§ Exercise directions
Please print the listing that follows word for word, but skip any pictures it holds.

§ Data extract
-- Opening Marker --

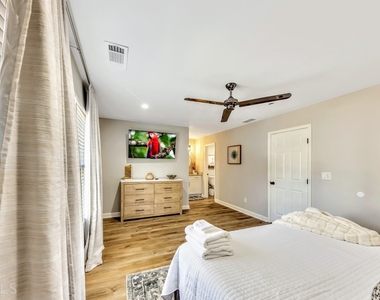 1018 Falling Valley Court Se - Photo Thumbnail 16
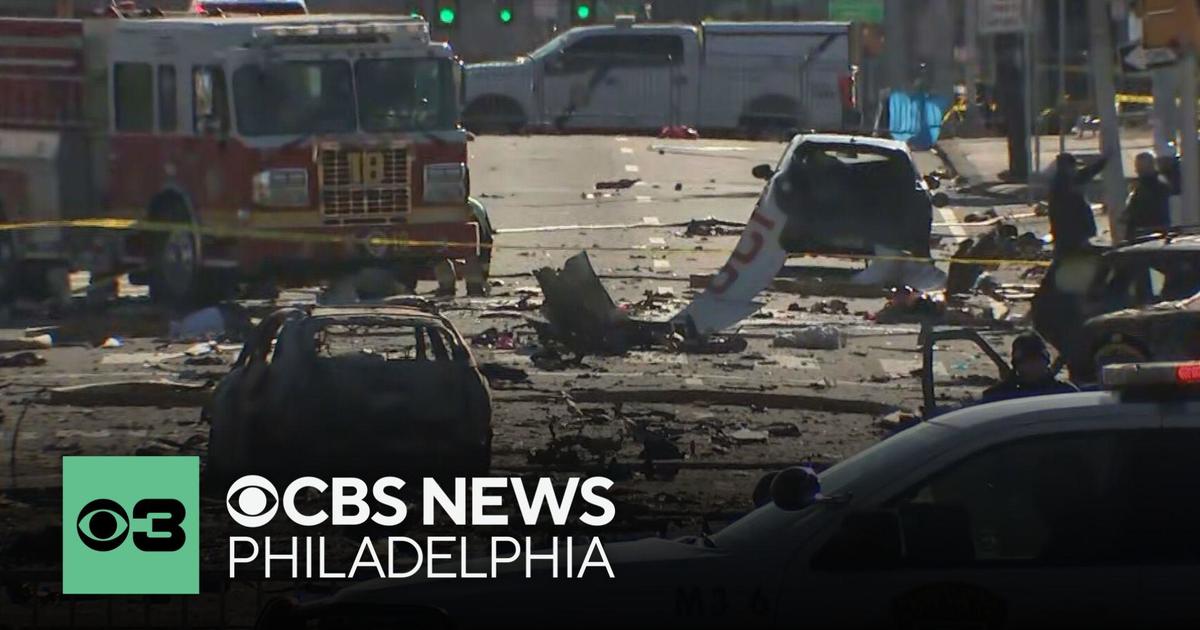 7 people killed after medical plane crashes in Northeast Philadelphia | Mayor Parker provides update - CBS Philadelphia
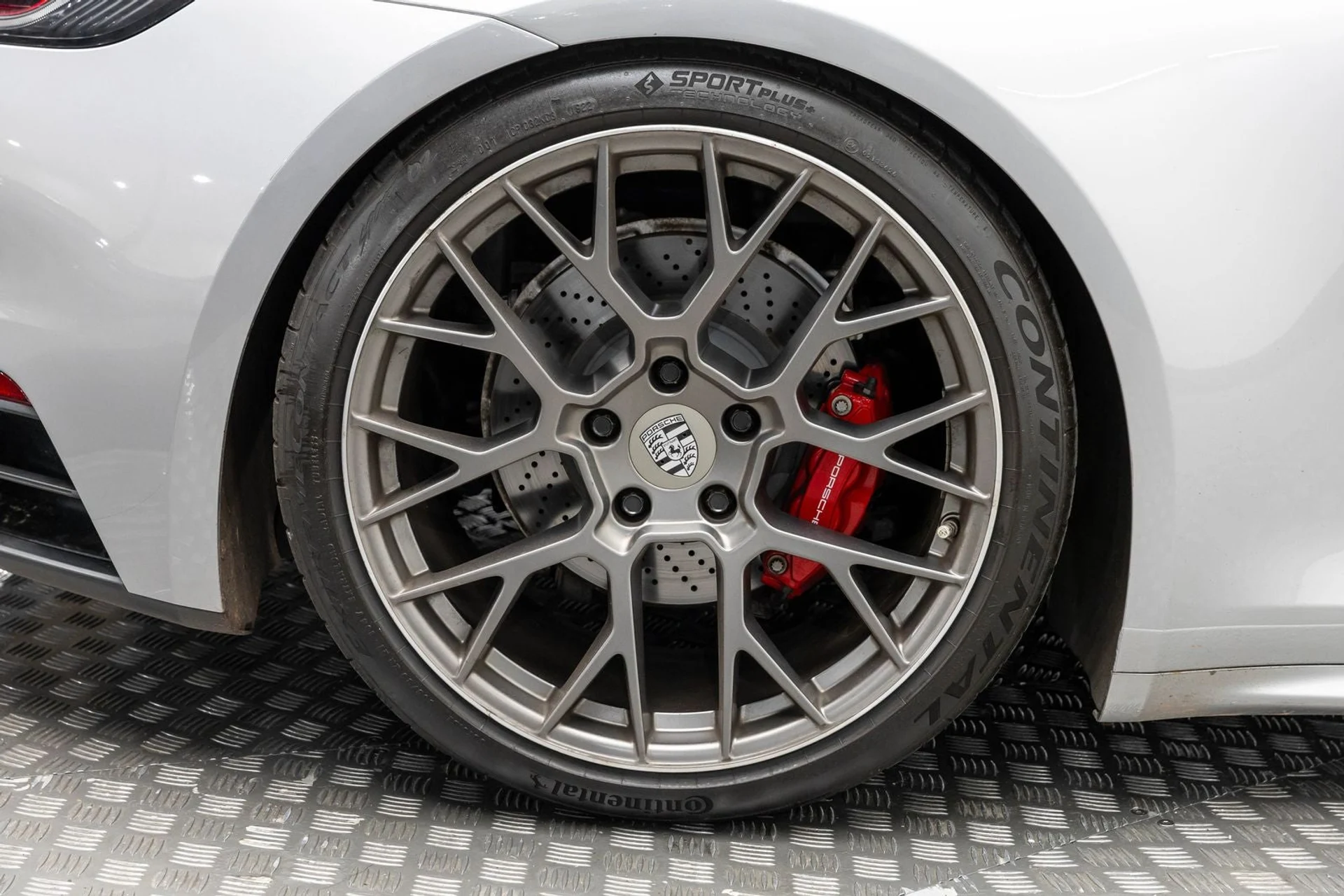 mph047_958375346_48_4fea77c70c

-- Closing Marker --

§ Task output
 1018 Falling Valley Court Se - Photo Thumbnail 16
 7 people killed after medical plane crashes in Northeast Philadelphia | Mayor Parker provides update - CBS Philadelphia
 mph047_958375346_48_4fea77c70c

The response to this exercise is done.